» Data section
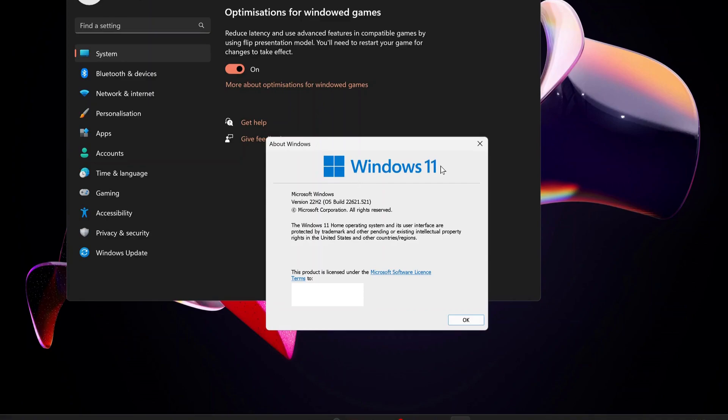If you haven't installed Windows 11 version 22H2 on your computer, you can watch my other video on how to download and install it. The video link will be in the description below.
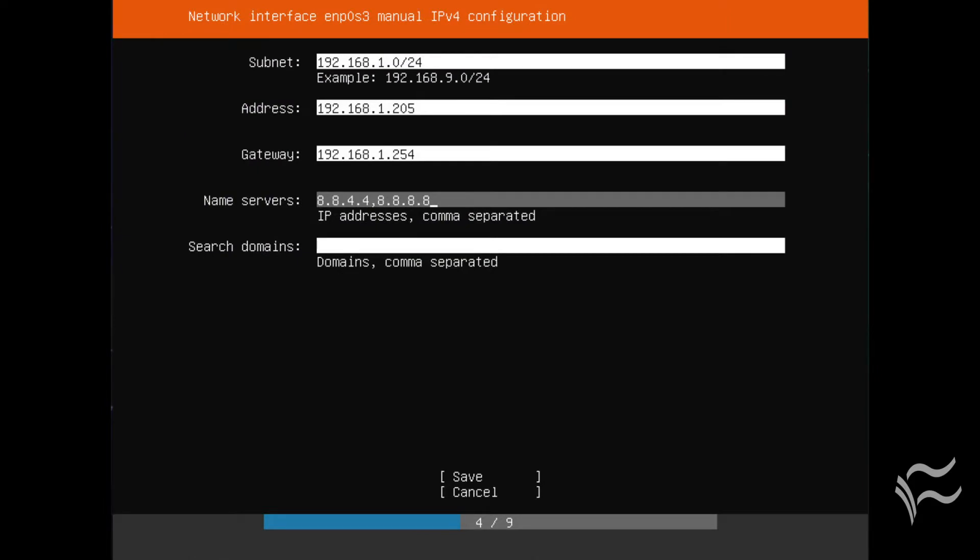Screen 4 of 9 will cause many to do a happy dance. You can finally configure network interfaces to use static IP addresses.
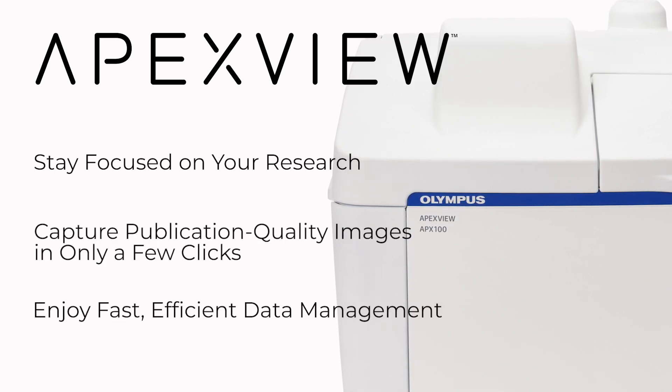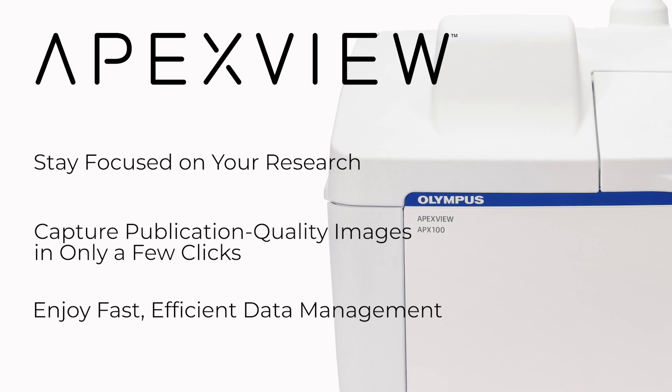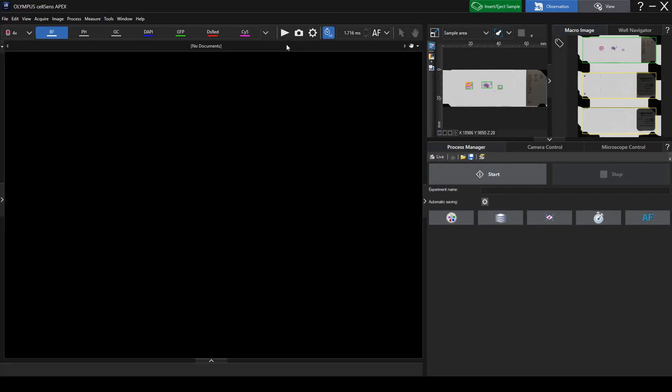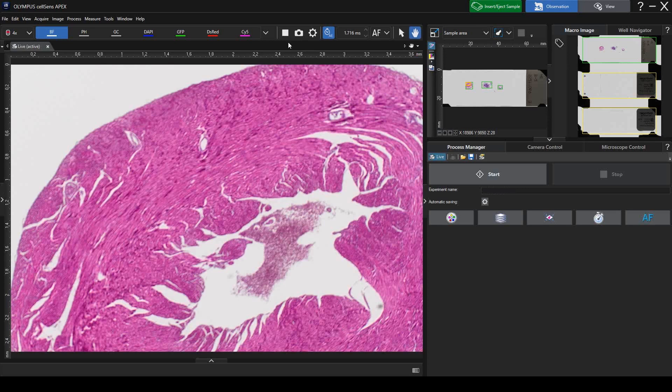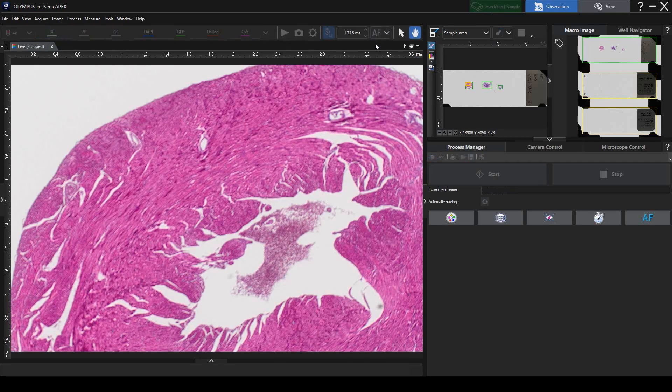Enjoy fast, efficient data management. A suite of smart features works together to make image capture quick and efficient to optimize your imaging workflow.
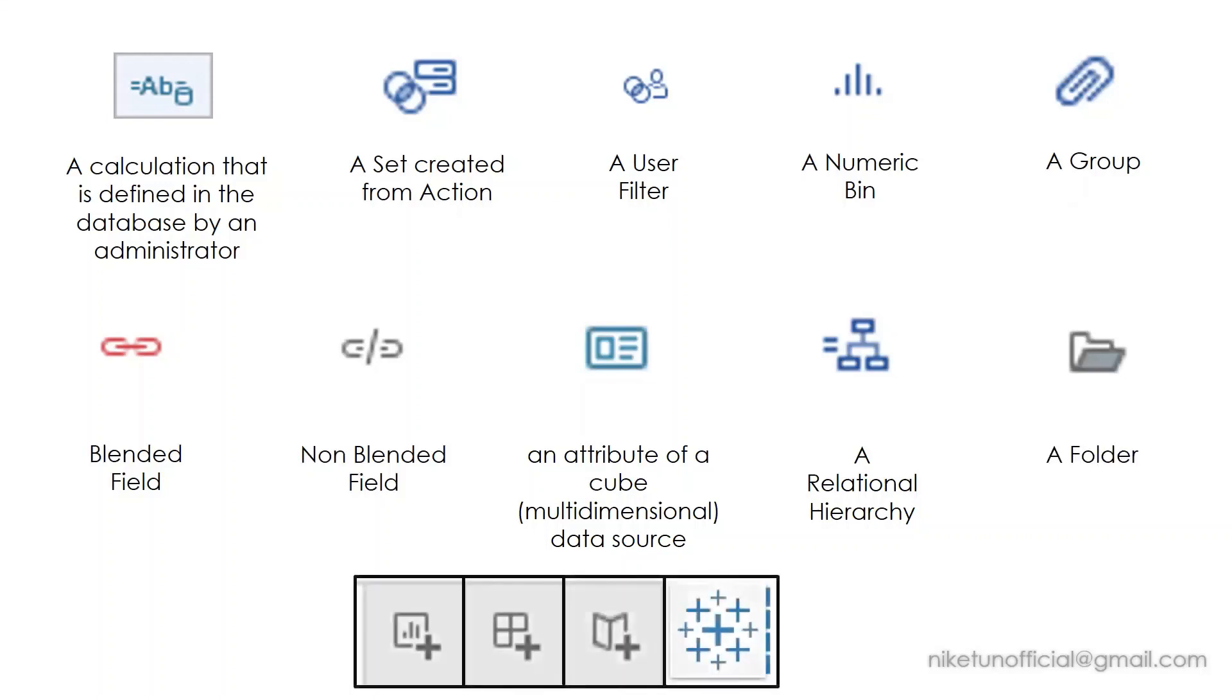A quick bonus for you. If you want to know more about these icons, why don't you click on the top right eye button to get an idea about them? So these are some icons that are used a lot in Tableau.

» Task details
The full data, repeated exactly and stripped of its pictures, is the expected answer.

» Solution for this problem
If you haven't installed Windows 11 version 22H2 on your computer, you can watch my other video on how to download and install it. The video link will be in the description below.
Screen 4 of 9 will cause many to do a happy dance. You can finally configure network interfaces to use static IP addresses.
Enjoy fast, efficient data management. A suite of smart features works together to make image capture quick and efficient to optimize your imaging workflow.
A quick bonus for you. If you want to know more about these icons, why don't you click on the top right eye button to get an idea about them? So these are some icons that are used a lot in Tableau.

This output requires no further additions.